People ask me how I stay sharp. They usually expect an answer about discipline or morning routines or some system I follow. The truth is messier than that, more earned, and more real than anything I've seen packaged under the banner of self-optimization.
What follows are the six things that have actually kept my edge sharp — built from twenty-five years of building companies, selling one, losing my footing, rebuilding from scratch, and now running a daily live show where thinking in real time is the entire sport.
None of these came from a book. They came from my life.

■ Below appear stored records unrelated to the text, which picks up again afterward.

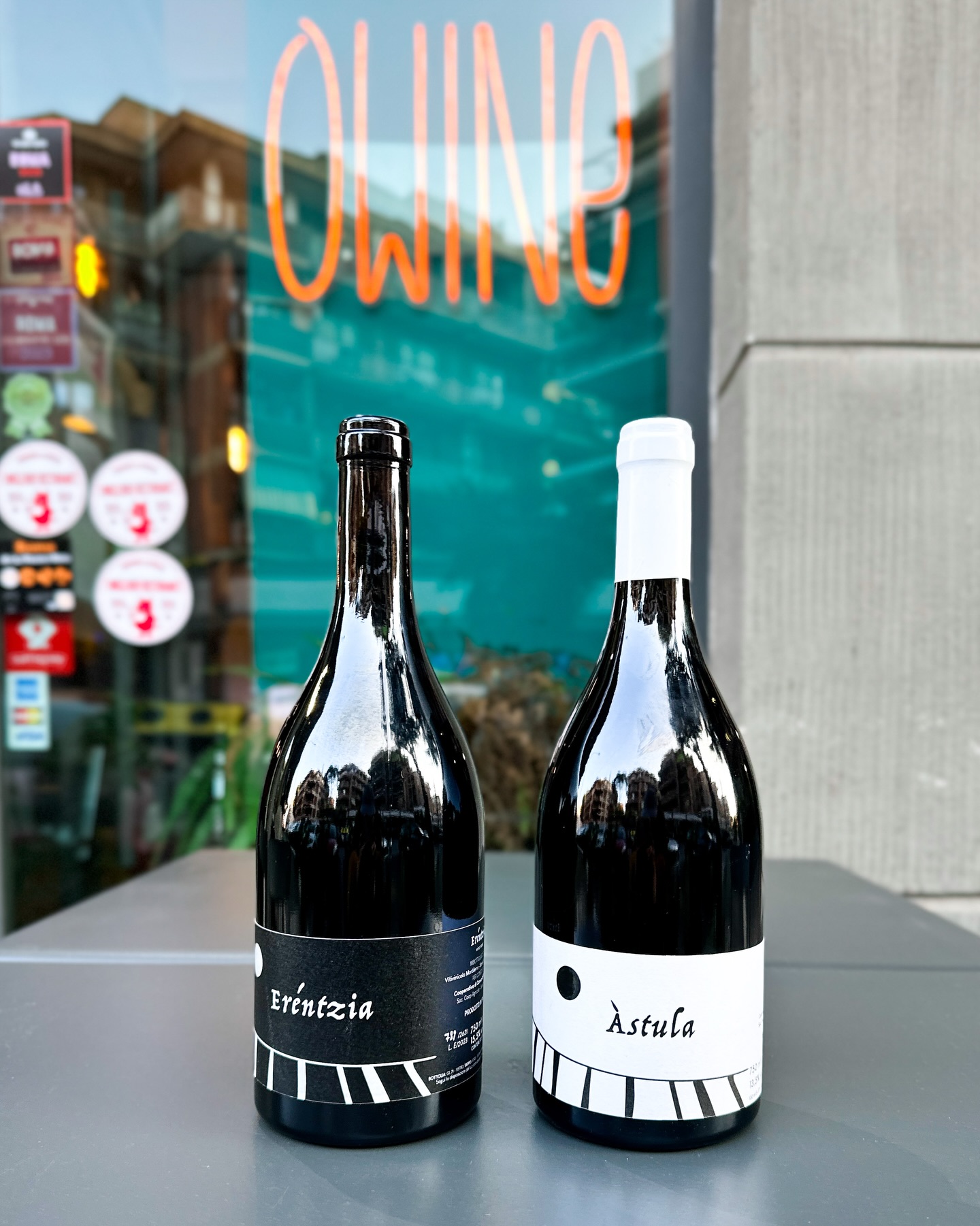 Tornano i vini di @mussura_
Siamo a Seneghe, un paese della Sardegna centro-occidentale immerso in una natura straordinaria.
Mussura è una cooperativa di giovani che ha scelto di restare (o tornare) in Sardegna per recuperare vigne e tradizioni.
🍷 Eréntzia è un rosso con blend di Cannonau, Muristellu, Monica, Pinot, Carignano, Pascale, Cabernet Franc, Bovale di Spagna, Syrah
🥂 Àstula, un vino bianco composto principalmente da Cannonau con Vermentino, Arvesionadu, Moscato Sardo, una piccola aliquota di Vernaccia.
💸 Fino a sabato scontone pasquale: -25% sull’asporto dei vini.
Non fatevelo scappare.
👉 mercoledì - lunedì / 17.00-01.00
❌ Chiusura pasquale 05-08/04
🍜 Menù nel link in bio
☎️ Prenotazioni in DM e via WhatsApp al numero 3388116949
#owine
#beeeeenatural
#vininaturaliroma
#enotecaroma
#enotecanaturale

1. I Constantly Reinvent My Identity
I've been the overweight kid they called Husky Keith. The photocopier salesman. The startup founder moderating Dancing With the Stars live chats in 2006. The CEO of a global community management company. The guy who walked away from an audience of 350,000 followers because staying would have meant standing still. And now the host of a live morning show redefining what media even is.
Every one of those transitions required letting go of who I had been. If you're clinging to a past version of yourself — even a successful one — you're already falling behind.
2. I Learn Faster Than the Internet Moves
I built ICUC inside the chaos of real-time conversation before social media had a playbook. Today I'm building a live digital franchise with AI characters, human co-hosts, and a universe that evolves daily on air. The rule I operate by is simple: if the world is updating every twelve hours, so should my thinking. Slow learners don't survive fast markets.
3. I Treat My Brain Like an Athlete Treats His Body
I use the phrase business athlete deliberately, because I mean it literally. The competitive game most entrepreneurs are playing is mental. And most of them are running ultra-marathons fueled by fear, ego, and too many notifications.
Sleep, movement, hydration, breathwork, and sustained curiosity — those are the inputs that keep the output sharp. There's no shortcut and no supplement that replaces them. You either train your brain like it matters or you wonder why it's letting you down when the stakes are high.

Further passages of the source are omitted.